**TASK TO COMPLETE**
Give back exactly the lines from the "this 1456×819 image." line to the final line of the records, and only those, minus any pictures.

**LISTED RECORDS**
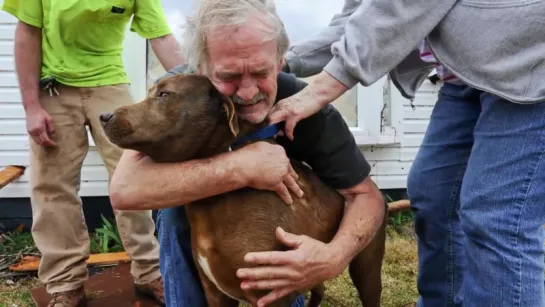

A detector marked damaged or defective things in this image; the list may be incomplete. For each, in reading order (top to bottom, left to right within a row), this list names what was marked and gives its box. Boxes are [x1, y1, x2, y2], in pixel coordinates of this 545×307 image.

broken board [30, 264, 160, 307]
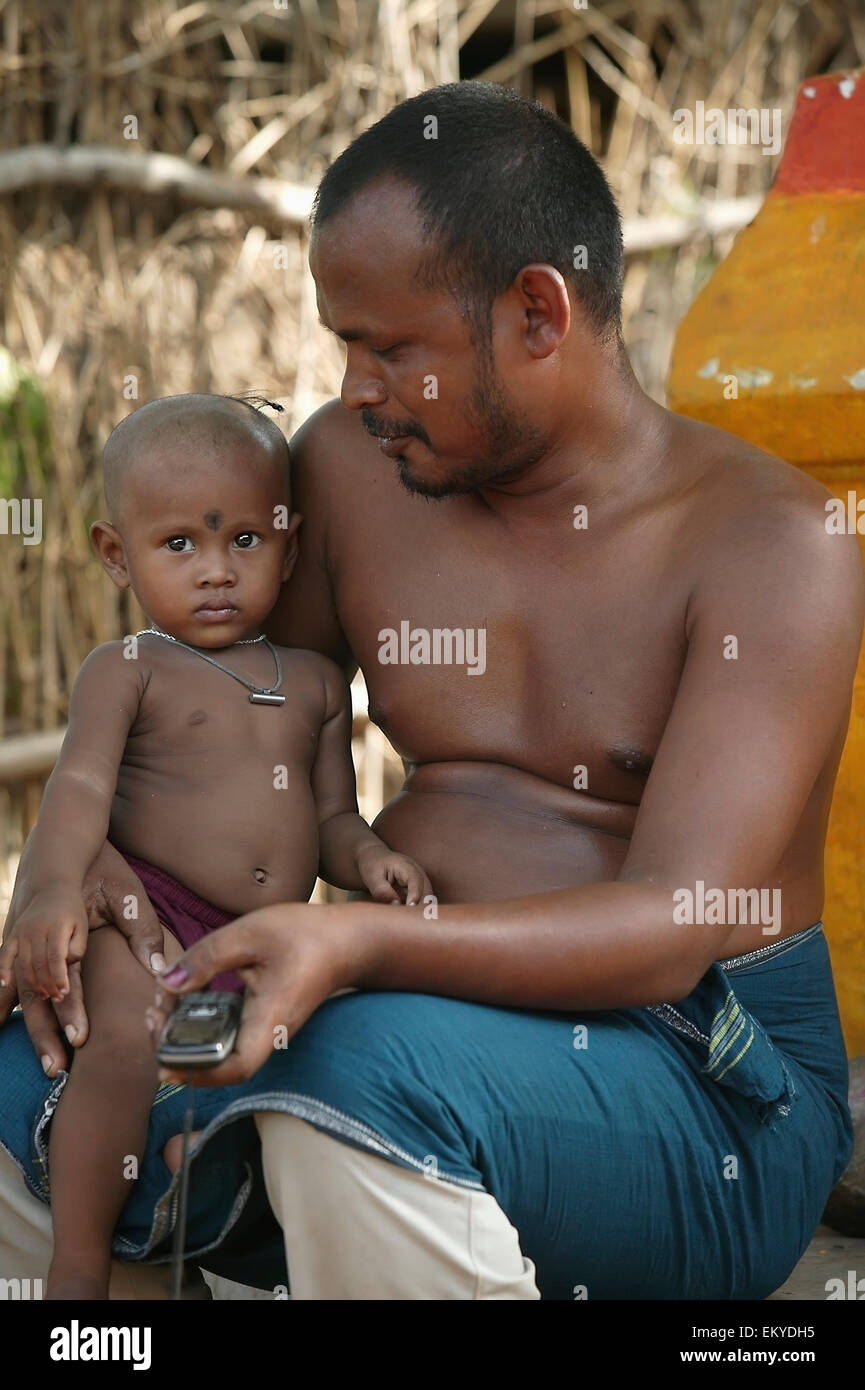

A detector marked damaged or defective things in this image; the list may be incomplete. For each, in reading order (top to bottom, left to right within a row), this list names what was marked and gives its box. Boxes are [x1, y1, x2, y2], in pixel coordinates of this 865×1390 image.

white chipped paint [734, 366, 778, 389]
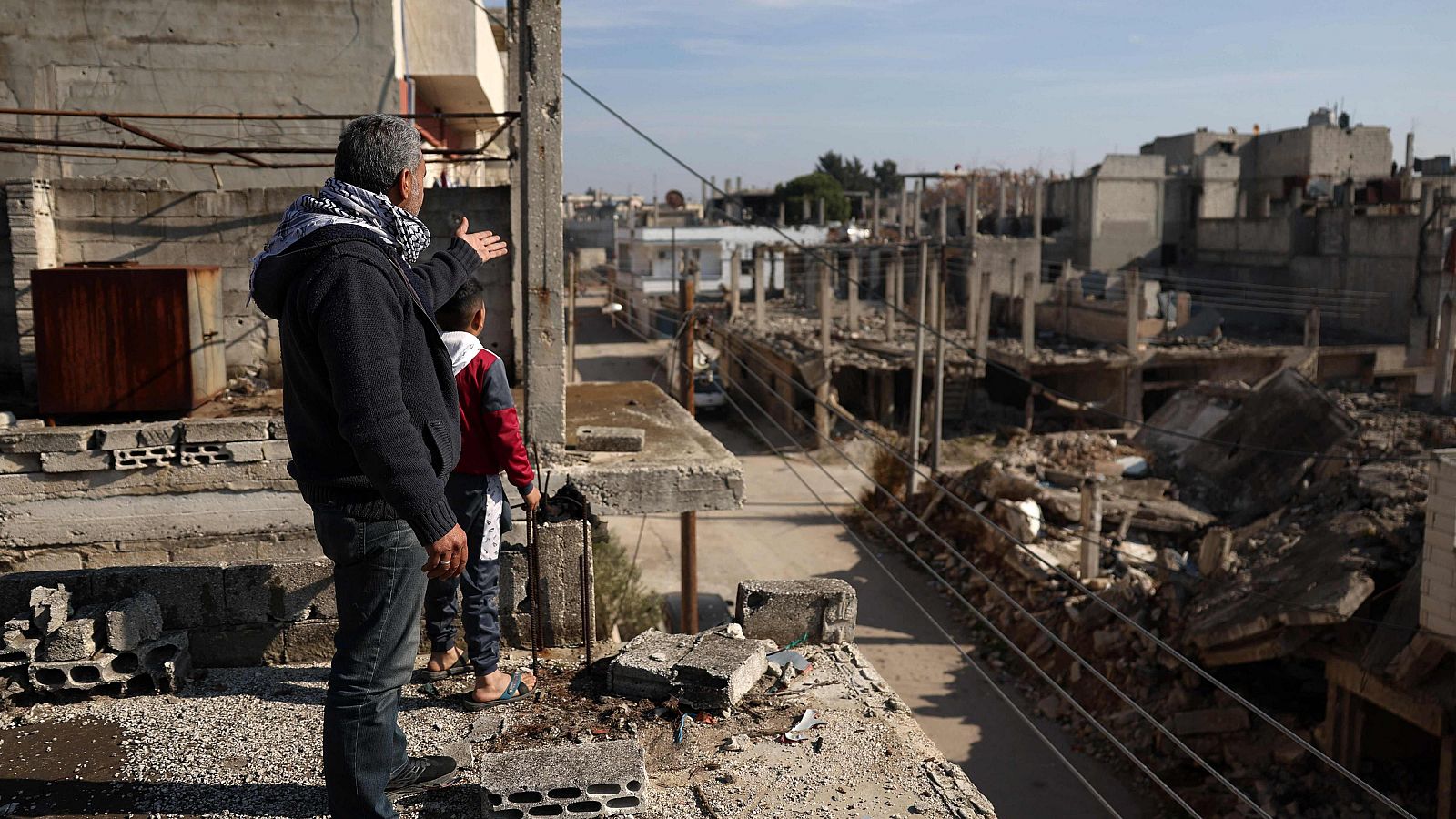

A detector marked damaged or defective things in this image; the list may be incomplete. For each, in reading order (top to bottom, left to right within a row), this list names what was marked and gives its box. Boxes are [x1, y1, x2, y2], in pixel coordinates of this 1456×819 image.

rusted metal sheet [33, 262, 224, 410]
rusty metal cabinet [33, 262, 226, 410]
broken concrete slab [571, 420, 646, 451]
broken concrete slab [40, 614, 98, 658]
broken concrete slab [102, 592, 164, 650]
broken concrete slab [605, 623, 690, 693]
broken concrete slab [672, 632, 774, 708]
broken concrete slab [733, 573, 855, 643]
broken concrete slab [477, 737, 649, 810]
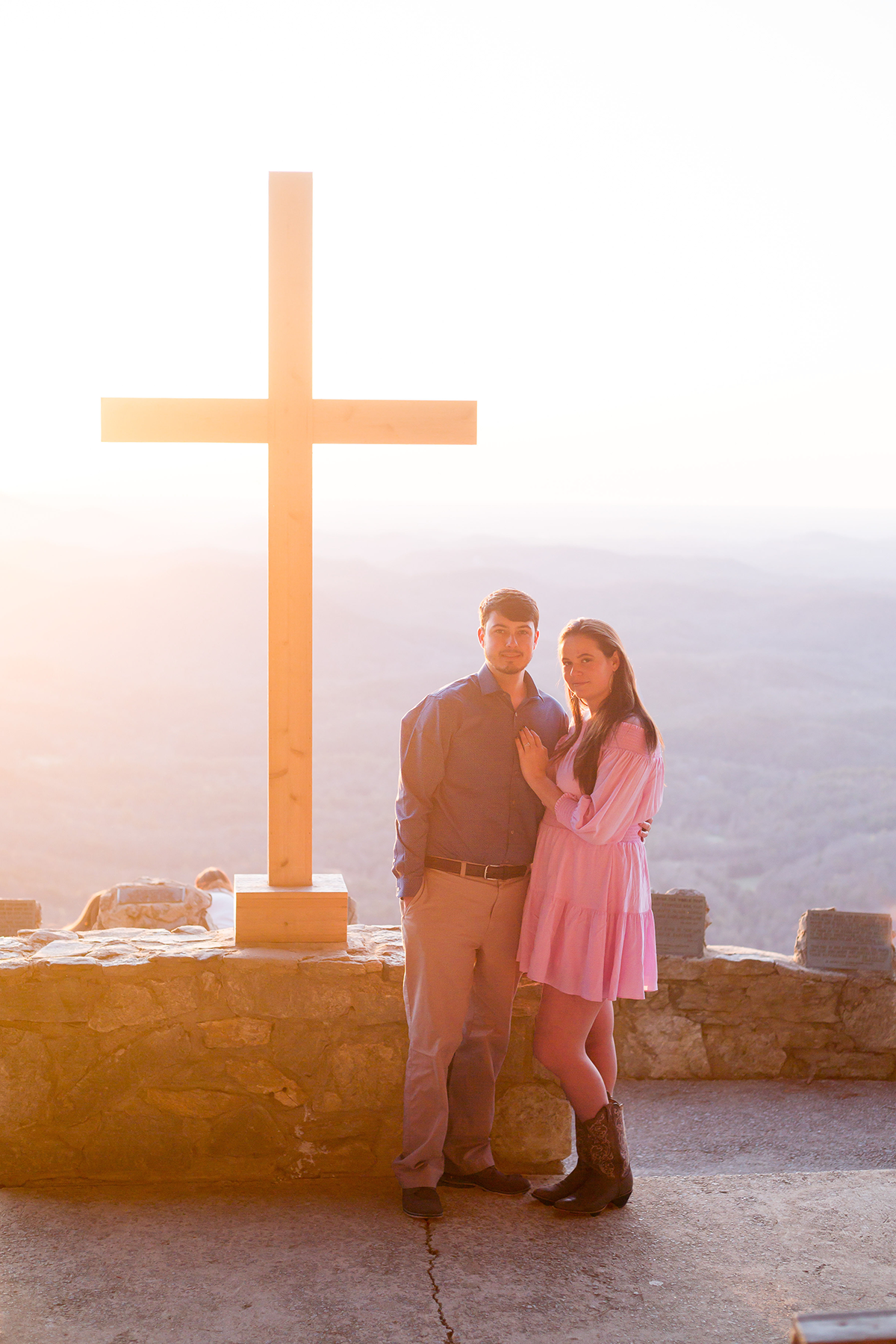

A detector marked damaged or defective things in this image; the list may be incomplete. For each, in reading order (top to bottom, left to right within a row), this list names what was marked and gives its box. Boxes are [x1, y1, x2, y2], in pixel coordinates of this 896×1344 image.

concrete slab crack [424, 1220, 459, 1344]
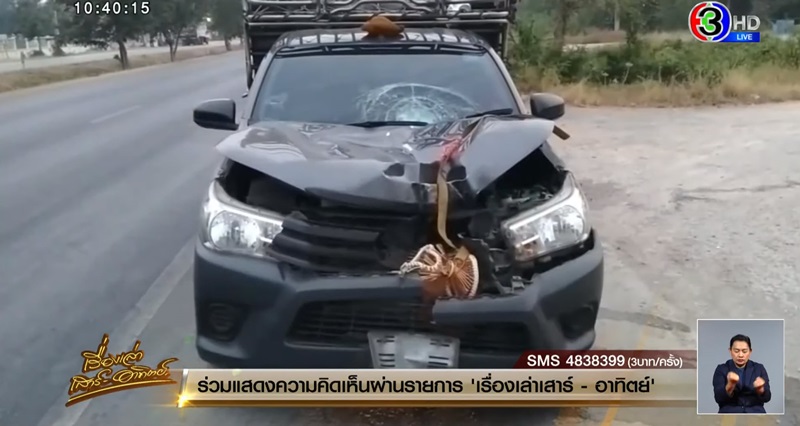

**OUTPUT OF THE TASK**
A detector marked damaged or defective things in this image; the list may be incomplete. For each, in reading order (top to bottom, left to right within a row), this list names what was marked and gives its box. Boxes are [x1, y1, x2, y2], in pixel coordinates of this 1456×819 image.

rusted metal sheet [33, 262, 224, 410]
rusty metal cabinet [33, 262, 226, 410]
broken concrete slab [571, 420, 646, 451]
broken concrete slab [40, 614, 98, 658]
broken concrete slab [102, 592, 164, 650]
broken concrete slab [605, 623, 690, 693]
broken concrete slab [672, 632, 774, 708]
broken concrete slab [733, 573, 855, 643]
broken concrete slab [477, 737, 649, 810]

A detector marked damaged or defective things in this image; the list may be incomplete. For each, in reading order (top to bottom, left to right within a row), this list names what was marked and gives its box. Boxes are [x1, y1, x2, y2], in pixel coordinates of this 896×1344 image.

concrete slab crack [424, 1220, 459, 1344]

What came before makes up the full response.